Collective Intelligence in Action is a practical book for applying collective intelligence to real-world web applications. I cover a broad spectrum of topics, from simple illustrative examples that explain the concepts and the math behind them, to the ideal architecture for developing a feature, to the database schema, to code implementation and use of open source toolkits. Regardless of your background and nature of development, I’m sure you’ll find the examples and code samples useful. You should be able to directly use the code developed in this book. This is a practical book and I present a holistic view on what’s required to apply these techniques in the real world. Consequently, the book discusses the architectures for implementing intelligence—you’ll find lots of diagrams, especially UML diagrams, and a number of screenshots from well-known sites, in addition to code listings and even database schema designs.
There are a plethora of examples. Typically, concepts and the underlying math for algorithms are explained via examples with detailed step-by-step analysis. Accompanying the examples is Java code that demonstrates the concepts by implementing them, or by using open source frameworks.
A lot of work has been done by the open source community in Java in the areas of text processing and search (Lucene), data mining (WEKA), web crawling (Nutch), and data mining standards (JDM). This book leverages these frameworks, presenting examples and developing code that you can directly use in your Java application.
The first few chapters don’t assume knowledge of Java. You should be able to follow the concepts and the underlying math using the illustrative examples. For the later chapters, a basic understanding of Java will be helpful. The book uses a number of diagrams and screenshots to illustrate the concepts. The Resources section of each chapter contains links to other useful content.
Chapter 1 provides a basic introduction to the field of collective intelligence (CI). CI is an active area of research, and I’ve kept the focus on applying CI to web applications.
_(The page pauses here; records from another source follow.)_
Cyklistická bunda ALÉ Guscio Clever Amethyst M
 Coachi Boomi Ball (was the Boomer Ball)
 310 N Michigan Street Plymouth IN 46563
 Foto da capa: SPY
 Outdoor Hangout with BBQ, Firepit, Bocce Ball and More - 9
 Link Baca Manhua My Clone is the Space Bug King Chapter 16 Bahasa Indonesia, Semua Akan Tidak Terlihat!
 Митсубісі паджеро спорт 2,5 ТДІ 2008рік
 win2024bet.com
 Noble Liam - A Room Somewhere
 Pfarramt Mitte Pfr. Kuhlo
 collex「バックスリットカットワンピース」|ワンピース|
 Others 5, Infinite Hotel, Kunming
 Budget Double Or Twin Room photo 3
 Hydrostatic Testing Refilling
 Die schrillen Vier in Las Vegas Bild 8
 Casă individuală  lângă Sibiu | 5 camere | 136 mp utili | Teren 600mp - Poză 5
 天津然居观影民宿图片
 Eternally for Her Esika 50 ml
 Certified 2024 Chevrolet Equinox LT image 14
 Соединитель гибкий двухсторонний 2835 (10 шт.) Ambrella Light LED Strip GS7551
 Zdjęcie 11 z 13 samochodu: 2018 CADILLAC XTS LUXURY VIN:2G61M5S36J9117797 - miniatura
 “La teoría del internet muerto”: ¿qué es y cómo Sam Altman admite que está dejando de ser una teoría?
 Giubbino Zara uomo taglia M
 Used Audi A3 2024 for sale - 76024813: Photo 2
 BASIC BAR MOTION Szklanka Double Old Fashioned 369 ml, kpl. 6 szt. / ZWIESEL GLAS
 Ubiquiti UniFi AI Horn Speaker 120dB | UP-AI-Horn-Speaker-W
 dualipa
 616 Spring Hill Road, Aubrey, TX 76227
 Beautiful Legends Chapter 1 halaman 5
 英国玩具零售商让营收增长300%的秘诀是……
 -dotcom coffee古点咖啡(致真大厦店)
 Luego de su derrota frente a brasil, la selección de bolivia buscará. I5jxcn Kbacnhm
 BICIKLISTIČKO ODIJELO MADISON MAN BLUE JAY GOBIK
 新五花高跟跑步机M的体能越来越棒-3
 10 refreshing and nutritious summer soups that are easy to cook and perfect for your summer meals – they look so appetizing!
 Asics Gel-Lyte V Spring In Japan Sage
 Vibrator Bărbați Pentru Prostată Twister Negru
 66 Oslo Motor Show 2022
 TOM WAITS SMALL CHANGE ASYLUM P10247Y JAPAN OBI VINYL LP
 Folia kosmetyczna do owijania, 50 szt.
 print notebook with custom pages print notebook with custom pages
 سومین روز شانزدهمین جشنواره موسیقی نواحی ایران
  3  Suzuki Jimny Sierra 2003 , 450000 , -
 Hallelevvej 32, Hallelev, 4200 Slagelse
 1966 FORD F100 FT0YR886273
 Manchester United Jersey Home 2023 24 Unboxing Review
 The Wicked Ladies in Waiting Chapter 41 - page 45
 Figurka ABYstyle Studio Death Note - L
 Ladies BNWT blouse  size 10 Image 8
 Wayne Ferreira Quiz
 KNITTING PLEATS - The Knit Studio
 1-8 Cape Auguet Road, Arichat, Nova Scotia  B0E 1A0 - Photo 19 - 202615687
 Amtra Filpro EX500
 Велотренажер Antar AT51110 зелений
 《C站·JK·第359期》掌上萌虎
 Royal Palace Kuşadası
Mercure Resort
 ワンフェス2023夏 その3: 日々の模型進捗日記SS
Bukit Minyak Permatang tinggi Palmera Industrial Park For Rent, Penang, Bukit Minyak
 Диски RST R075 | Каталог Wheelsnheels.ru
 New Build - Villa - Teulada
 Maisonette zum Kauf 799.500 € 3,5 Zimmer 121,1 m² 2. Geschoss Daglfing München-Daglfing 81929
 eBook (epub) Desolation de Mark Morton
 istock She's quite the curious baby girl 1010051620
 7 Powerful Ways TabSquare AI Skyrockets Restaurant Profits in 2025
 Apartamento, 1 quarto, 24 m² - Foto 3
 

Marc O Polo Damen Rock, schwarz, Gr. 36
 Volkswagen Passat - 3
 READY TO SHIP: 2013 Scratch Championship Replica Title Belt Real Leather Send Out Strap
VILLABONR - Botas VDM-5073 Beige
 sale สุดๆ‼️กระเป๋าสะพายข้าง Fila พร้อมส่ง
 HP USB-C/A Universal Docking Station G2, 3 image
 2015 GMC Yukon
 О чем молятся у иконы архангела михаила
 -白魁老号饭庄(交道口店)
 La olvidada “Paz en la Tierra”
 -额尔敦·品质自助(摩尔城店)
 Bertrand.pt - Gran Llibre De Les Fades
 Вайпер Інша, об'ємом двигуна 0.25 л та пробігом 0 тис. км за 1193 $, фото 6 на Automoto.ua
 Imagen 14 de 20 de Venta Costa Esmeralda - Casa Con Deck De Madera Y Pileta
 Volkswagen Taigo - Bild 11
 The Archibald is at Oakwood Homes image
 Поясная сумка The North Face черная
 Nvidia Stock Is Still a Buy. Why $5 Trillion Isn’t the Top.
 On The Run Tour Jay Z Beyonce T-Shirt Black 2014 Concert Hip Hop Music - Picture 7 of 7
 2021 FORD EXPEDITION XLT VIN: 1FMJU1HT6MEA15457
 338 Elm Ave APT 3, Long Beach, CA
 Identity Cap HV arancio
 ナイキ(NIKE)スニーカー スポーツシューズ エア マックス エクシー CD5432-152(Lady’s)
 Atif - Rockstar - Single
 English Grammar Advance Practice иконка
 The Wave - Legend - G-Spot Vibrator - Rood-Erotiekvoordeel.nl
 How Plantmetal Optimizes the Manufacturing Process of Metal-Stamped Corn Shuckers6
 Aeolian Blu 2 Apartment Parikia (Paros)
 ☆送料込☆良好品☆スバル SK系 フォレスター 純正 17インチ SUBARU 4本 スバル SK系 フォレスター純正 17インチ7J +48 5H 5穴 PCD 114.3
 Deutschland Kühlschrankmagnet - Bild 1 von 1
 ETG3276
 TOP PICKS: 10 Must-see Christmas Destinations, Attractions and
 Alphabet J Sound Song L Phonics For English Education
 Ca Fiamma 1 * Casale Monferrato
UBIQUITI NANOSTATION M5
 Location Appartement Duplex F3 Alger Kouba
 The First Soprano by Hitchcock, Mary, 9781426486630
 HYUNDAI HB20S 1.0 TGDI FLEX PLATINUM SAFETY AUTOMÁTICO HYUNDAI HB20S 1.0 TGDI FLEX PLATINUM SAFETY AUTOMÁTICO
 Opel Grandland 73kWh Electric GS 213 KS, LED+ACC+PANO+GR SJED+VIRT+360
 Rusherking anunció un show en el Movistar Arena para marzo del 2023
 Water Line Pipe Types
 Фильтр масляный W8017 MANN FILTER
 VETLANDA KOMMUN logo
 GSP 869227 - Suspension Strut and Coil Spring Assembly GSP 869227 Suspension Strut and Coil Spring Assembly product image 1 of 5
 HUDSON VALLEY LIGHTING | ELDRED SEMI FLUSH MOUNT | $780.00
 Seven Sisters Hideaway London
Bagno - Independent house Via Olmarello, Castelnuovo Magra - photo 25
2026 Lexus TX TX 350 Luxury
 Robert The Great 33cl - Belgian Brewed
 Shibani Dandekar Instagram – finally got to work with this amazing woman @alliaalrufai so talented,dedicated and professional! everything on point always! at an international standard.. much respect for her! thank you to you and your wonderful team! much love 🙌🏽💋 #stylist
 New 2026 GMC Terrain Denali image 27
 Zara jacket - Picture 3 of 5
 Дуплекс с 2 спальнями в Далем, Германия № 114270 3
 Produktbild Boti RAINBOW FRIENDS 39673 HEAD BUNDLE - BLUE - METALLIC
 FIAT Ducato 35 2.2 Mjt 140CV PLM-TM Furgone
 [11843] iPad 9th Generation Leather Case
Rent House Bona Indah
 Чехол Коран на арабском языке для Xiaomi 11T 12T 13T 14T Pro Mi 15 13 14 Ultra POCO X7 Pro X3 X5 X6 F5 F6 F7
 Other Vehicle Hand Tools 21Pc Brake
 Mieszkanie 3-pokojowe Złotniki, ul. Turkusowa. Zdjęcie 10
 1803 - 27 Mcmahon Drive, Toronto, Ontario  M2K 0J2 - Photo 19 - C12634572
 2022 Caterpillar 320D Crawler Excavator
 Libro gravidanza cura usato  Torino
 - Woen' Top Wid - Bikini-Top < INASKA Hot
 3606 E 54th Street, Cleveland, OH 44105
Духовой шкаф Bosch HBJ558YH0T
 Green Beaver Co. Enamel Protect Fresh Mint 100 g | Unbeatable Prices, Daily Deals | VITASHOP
Section 1.2.1 is a personal favorite of mine; it provides a roadmap through a hypothetical example of how you can apply CI to your application. This is a must-read, since it helps to translate CI into features in your application and puts the flow of the book in perspective. Chapter 1 should also provide you with a good overview of the three forms of intelligence: direct, indirect, and derived.
The book is divided into three parts. Part 1 deals with collecting data, both within and outside the application, to be translated into intelligence later. Chapters 2 through 4 deal with gathering information from within one’s application, while chapters 5 and 6 focus on gathering information from outside of one’s application.
Chapter 2 provides an overview of the architecture required to embed CI in your application, along with a quick overview of some of the basic concepts that are needed to apply CI. Please take some time to go through section 2.2 in detail, as a firm understanding of the concepts presented in this section will be useful throughout the book. This chapter also shows how intelligence can be derived by analyzing the actions of the user. It’s worthwhile to go through the example in section 2.4 in detail, as understanding the concepts presented there will also be useful throughout the book.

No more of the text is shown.